Bilan du sommet de l’Apec
L’infomation avait bruité dans les médias depuis plusieurs semaines. Le premier ministre avait décidé d’annoncer la participation du TPP le jeudi 11 novembre, puis repoussé au vendredi en raison de négociations internes au Parti démocrate japonais (PDJ) sur les conditions de cette participation.
Un compromis semble finalement avoir été trouvé avec la création d’un parfait oxymore : le premier ministre en annonçant la participation du Japon aux TPP, qui signifie la fin de tout protectionnisme, a également promis que les intérêts nationaux seront préservés. Difficile d’imaginer pourtant comment l’agriculture japonaise pourra faire face à l’afflux de produits agricoles à bas coûts des Etats-Unis ou de l’Australie. Ni comment le système de sécurité social survivra aux obligations de libéralisation des services publics que ce traité va engendrer. Le président des Etats-Unis Barack Obama, qui voit dans l'Asie un nouveau marché pour l'exportation, a félicité le Japon pour cette décision qualifiée d’ « historique ».

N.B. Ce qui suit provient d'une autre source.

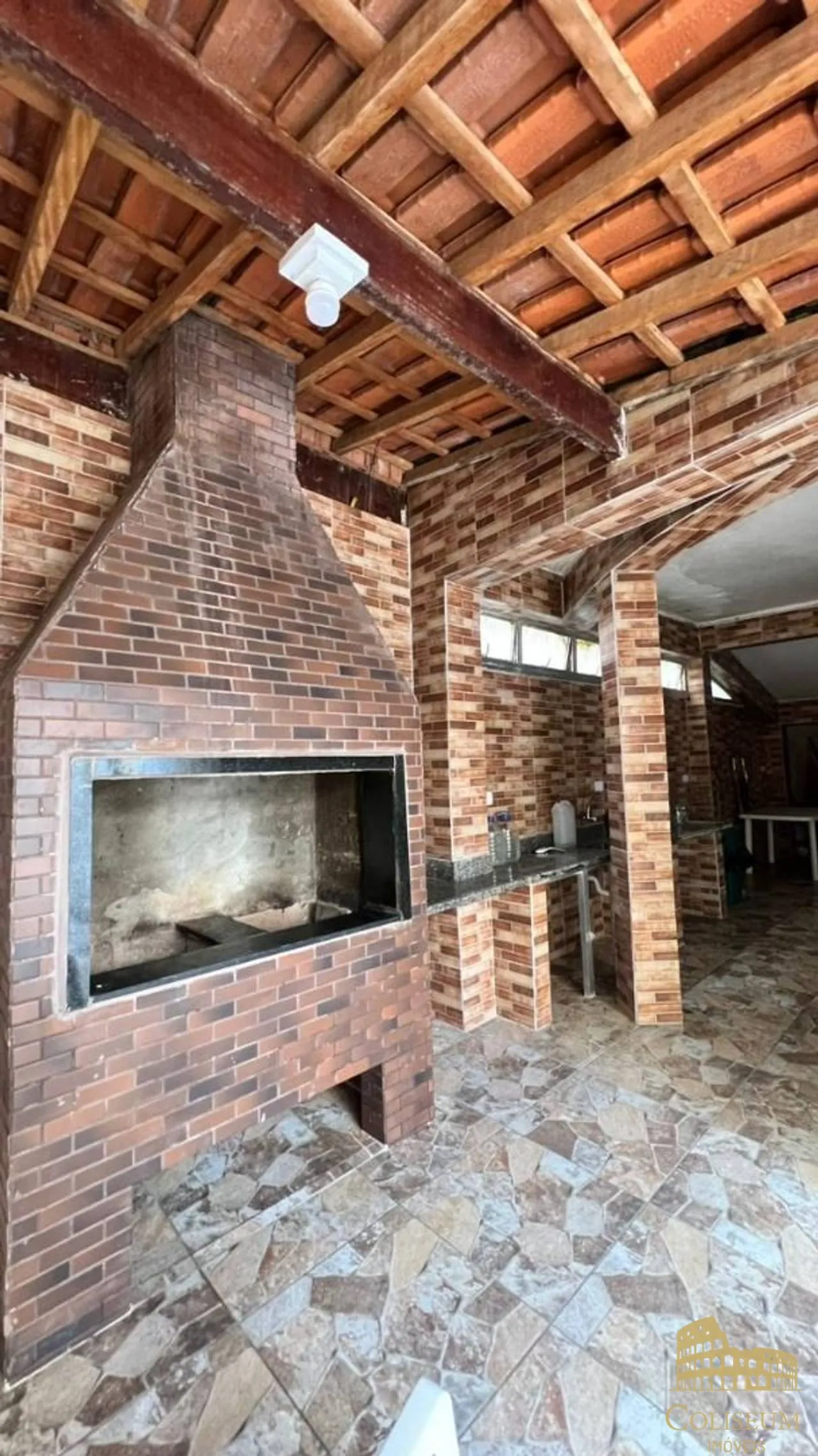 Imagem Apartamento com 1 dormitório à venda, 45 m² por R$ 285.000,00 - Tupi - Praia Grande/SP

Il n’est pas peu de dire que cette décision est plutôt mal reçue par une population peu encline à entrer dans une zone de libre-échange. Un sondage a d’ailleurs montré que moins d'un tiers de la population y était favorable. Et l'opposition n'est pas que dans la rue. A son retour au Japon, le premier ministre a du répondre aux questions des parlementaires de son propre camp dans une séance parlementaire qui a pris les allures d'un procès. On lui reproche notamment de tenir un double langage, l'un au sommet de l'Apec où il aurait promis au président américain que l'ensemble de l'économie, service y compris, sera inclus dans le processus de libéralisation, et l'autre dans son pays où il conditionne l'entrée du Japon dans le TPP "si cela ne va pas à l'encontre de l'intérêt national". Une communication qui semble n'avoir pas porté ses fruits et Noda se voit aujourd'hui affublé d'un nouveau surnom un brin moqueur, "M. Double-langue" (nimaijita)

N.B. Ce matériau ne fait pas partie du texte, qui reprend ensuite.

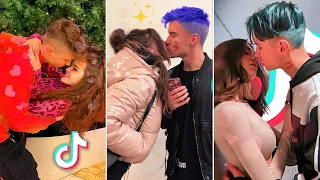 TikTok Couple Goals 2022 - Best Videos Of Margo Flury & Alex Miracle TikTok Compilation #66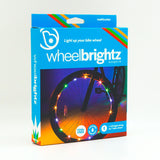 Multicolor Wheelbrightz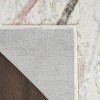 Nourison Glam Modern Curve Indoor Rug - 3 of 4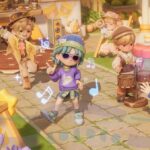 Adorable Animal Crossing Successor Announces Surprise Free Access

Une alternance politique ?
Cette décision impopulaire risque de brouiller un peu plus les cartes du jeu politique au Japon. Certains ont voulu voir dans la victoire du PDJ en 2009, une alternance politique digne de la victoire de la gauche en 1981 en France. Or, si le PDJ était bien doté d’un programme social-démocrate centré sur la relance de la consommation et l’aide aux plus démunis, c'était oublier un peu vite qu’une large partie des parlementaires du PDJ sont des transfuges issus du Parti de droite, le Parti libéral-démocrate (PLD). Et que pour beaucoup, leur présence au sein de cette formation dîte « de centre-gauche » s’expliquait par simple opportunisme politique.
De fait, la plupart des mesures sociales du PDJ n’ont pas été mises en place et ne verront certainement jamais le jour – gratuité des autoroutes, déplacement d’une base militaire américaine de l’île d’Okinawa, création d’allocations familiales, droit de vote pour les étrangers, etc… Une fois HATOYAMA Yukio évincé, KAN Naoto puis aujourd’hui NODA Yoshihiko se sont employés à mettre en place une politique conforme à l’idéologie néo-libérale : participation à un traité de libre-échange aujourd’hui, en attendant la politique de régression sociale promise par Noda : doublement de la taxe sur la consommation prévu pour mars 2012, mais aussi rigueur budgétaire. Face à un tel volte-face du parti de « centre-gauche », les citoyens Japonais risquent d’être quelque perdus.